- Promotional poster
- Directed by: Supriya Sobti Gupta
- Written by: Supriya Sobti Gupta
- Produced by: Passion Pictures
- Production company: Passion Pictures
- Distributed by: Netflix
- Release date: 17 March 2023;
- Running time: 80 minutes
- Country: India
- Language: English

= Caught Out: Crime. Corruption. Cricket =

2023 Indian documentary film on the cricket match-fixing scandal

Caught Out: Crime. Corruption. Cricket is a 2023 Indian documentary film directed by Supriya Sobti Gupta and produced by Passion Pictures for Netflix. The film looks back at the match-fixing scandal that shook Indian cricket in the late 1990s and early 2000s, a period that changed how the game was seen by fans and players alike. It mixes interviews with journalists, administrators and former players with television footage and news clippings from the time.

== Synopsis ==
Set against India's cricket boom of the 1990s, the film follows the sequence of events that led to the exposure of match-fixing and betting in international cricket. It revisits the allegations that involved cricketers such as Mohammad Azharuddin, Ajay Jadeja, and Hansie Cronje, and the investigations that followed.

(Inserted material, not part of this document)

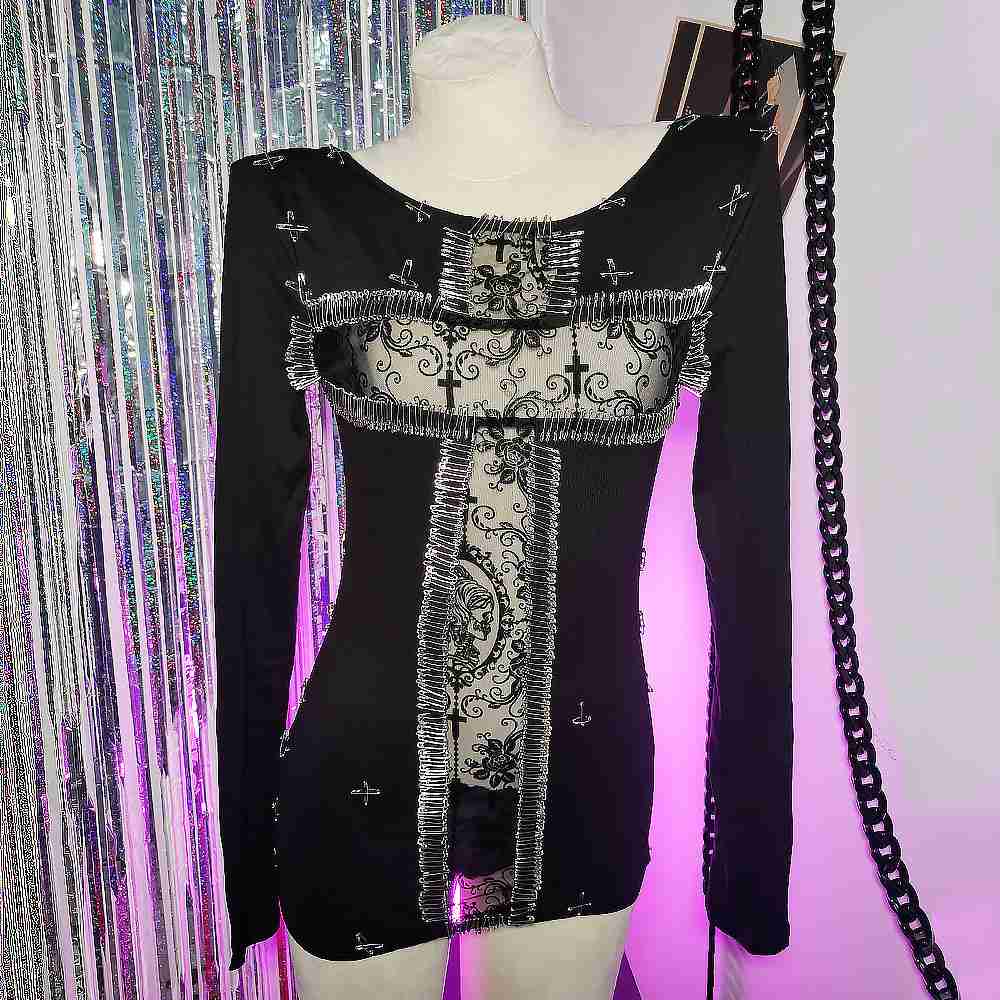 Emo Gothic T-Shirt 90s Vintage - Vintage Fashion Revival avis et prix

It also looks at how reporters and news editors uncovered what was happening behind the scenes. Through these accounts, the documentary captures the disbelief that swept through fans and the slow, painful process of rebuilding the game's reputation.

== Production ==
Supriya Sobti Gupta directed the film for Passion Pictures, which has produced several international documentaries. Gupta said she wanted to focus on the reporters who broke the story rather than retelling only the players’ side of events. The production used extensive archival footage, contemporary news reports and interviews recorded over several months. Gupta's approach stayed close to investigative journalism, avoiding dramatic reconstructions or narration.

== Release ==
The documentary premiered on Netflix worldwide on 17 March 2023.

== Reception ==
Caught Out received a generally positive response from reviewers, who praised its steady tone and research while noting that it could have gone further into the structural side of the scandal.

The Hindu described it as "a cinematic retelling" of a major moment in Indian cricket, though it felt "incomplete" in parts. India Today called it "a test match where patience is key," commending its pacing and honesty. Deccan Chronicle called it "pitch perfect," praising its refusal to sensationalise the story. Rediff said the film works as "a reminder of a sport's loss of innocence." Firstpost noted that it was "a sincere attempt at a marvelling expose" that relies on facts rather than drama. Jagran wrote that it revisits "a painful but necessary" part of cricket history with care.